In terms of metadata, SoilWise Repository aims for the approach to harvest and register as much as possible (see more information in the Harvester Component). Catalogues which capture metadata authored by data custodians typically have a wide range of metadata completion and accuracy. Therefore, the SoilWise Repository employs metadata validation mechanisms to provide additional information about metadata completeness, conformance and integrity. Information resulting from the validation process are stored together with each metadata record in a relation database and updated after registering a new metadata version. Within the first iteration, they are not displayed in the SoilWise Catalogue, except of the results of the Link liveliness assessment component. For the following iterations, we forsee the validation results to be available only to data / knowledge owners / managers and the SWR admins, as SoilWise is not in an arbiter's role.

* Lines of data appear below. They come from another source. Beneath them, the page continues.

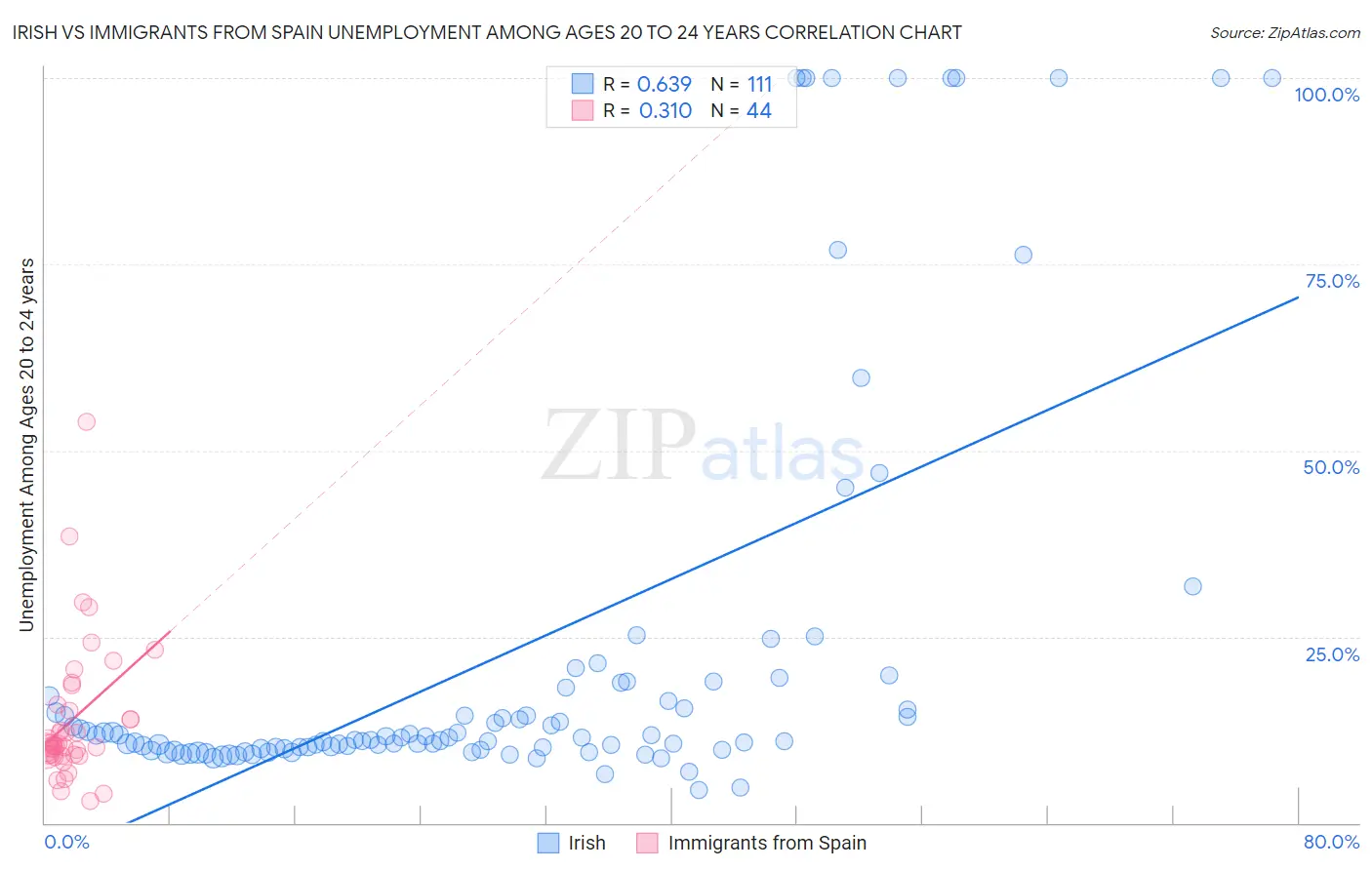 Irish vs Immigrants from Spain Unemployment Among Ages 20 to 24 years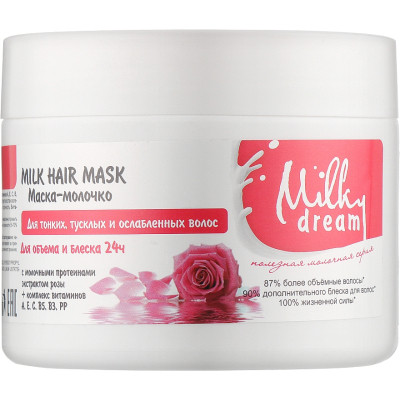 Маска для волосся Milky Dream для об&#039;єму та блиску 24 години 300 мл (4820205302503)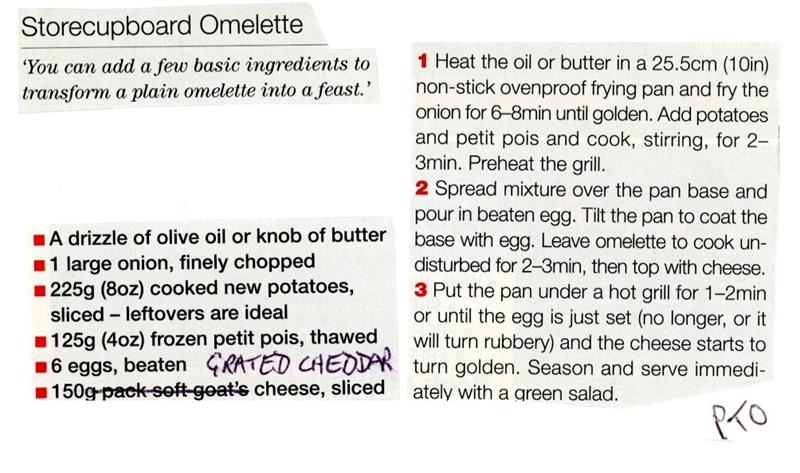 Scan 1 of 2 for Storecupboard Omelette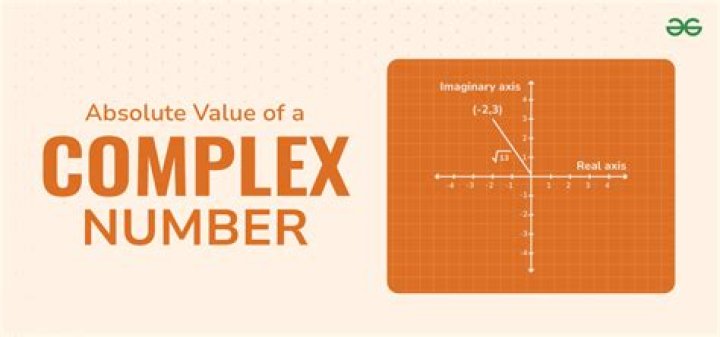 Why is the absolute value of a complex number the same as its magnitude?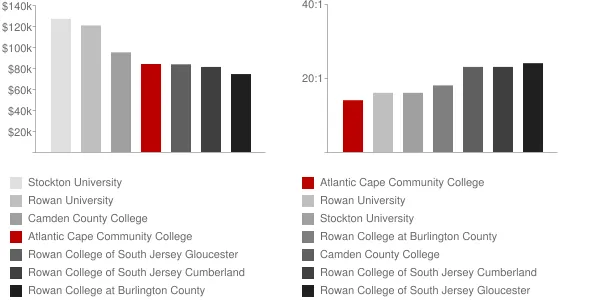 Atlantic Cape Community College Faculty Compensation and Workload Chart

After Metadata augmentation, the whole validation process can be repeated to understand the variability of metadata and value which has been added by SWR.
Validations:
Metadata profiles
Metadata profiles specify the required metadata elements that must be included to describe resources, ensuring they are discoverable, accessible, and usable. Metadata validation is inherently linked to the specific metadata profile it is intended to follow. This linkage ensures that metadata records are consistent, meet the necessary standards, and are fit for their intended purpose, thereby supporting effective data management, discovery, and use. In the soil domain, several metadata profiles are commonly used to ensure the effective documentation, discovery, and utilization of soil data, for example Datacite, GBIF-EML, Geo-DCAT-AP, INSPIRE Metadata Profile, Dublin Core, ANZLIC Metadata Profile, FAO Global Soil Partnership Metadata Profile, EJP/EUSO Metadata Profile. SoilWise Repository is currently able to perform validations according to the following metadata profiles:
EUSO Metadata profile
This metadata profile was developed through EJP Soil project efforts and modified and approved by the EUSO Working Group.
This metadata profile has been used within the first development iteration phase. Its further modification are under discussions among all the stakeholders.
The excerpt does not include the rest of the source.